EXERCISE DIRECTIONS:
Write out exactly the first lines of the listing, ending on the line that contains "Gratte-ciel résidentiel Menam".

□ □ □ □ □

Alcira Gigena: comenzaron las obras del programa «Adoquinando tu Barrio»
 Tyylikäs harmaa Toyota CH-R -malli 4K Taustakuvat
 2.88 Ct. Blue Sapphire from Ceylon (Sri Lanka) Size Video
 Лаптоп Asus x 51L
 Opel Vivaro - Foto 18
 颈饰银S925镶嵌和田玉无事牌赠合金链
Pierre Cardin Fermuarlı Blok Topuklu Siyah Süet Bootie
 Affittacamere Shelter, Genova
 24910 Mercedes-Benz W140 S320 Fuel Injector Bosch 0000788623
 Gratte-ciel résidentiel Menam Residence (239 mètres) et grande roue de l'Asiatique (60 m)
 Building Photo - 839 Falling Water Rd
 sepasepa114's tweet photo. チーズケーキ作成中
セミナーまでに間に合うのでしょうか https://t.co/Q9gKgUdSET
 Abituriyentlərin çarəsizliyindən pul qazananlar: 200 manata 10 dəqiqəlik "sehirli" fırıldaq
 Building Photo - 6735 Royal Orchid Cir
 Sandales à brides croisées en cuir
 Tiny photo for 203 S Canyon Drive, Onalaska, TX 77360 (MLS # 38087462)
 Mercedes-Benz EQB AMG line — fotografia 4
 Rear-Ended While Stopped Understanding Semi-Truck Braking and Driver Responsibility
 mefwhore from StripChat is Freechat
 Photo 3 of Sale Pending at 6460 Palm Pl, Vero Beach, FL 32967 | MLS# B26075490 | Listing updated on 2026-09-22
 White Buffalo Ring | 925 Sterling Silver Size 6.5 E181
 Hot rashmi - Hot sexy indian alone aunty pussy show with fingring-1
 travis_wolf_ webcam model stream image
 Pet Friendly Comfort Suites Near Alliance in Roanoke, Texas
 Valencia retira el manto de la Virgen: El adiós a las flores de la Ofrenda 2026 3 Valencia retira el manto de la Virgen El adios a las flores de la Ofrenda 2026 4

□ □ □ □ □

RESPONSE AREA:
Alcira Gigena: comenzaron las obras del programa «Adoquinando tu Barrio»
 Tyylikäs harmaa Toyota CH-R -malli 4K Taustakuvat
 2.88 Ct. Blue Sapphire from Ceylon (Sri Lanka) Size Video
 Лаптоп Asus x 51L
 Opel Vivaro - Foto 18
 颈饰银S925镶嵌和田玉无事牌赠合金链
Pierre Cardin Fermuarlı Blok Topuklu Siyah Süet Bootie
 Affittacamere Shelter, Genova
 24910 Mercedes-Benz W140 S320 Fuel Injector Bosch 0000788623
 Gratte-ciel résidentiel Menam Residence (239 mètres) et grande roue de l'Asiatique (60 m)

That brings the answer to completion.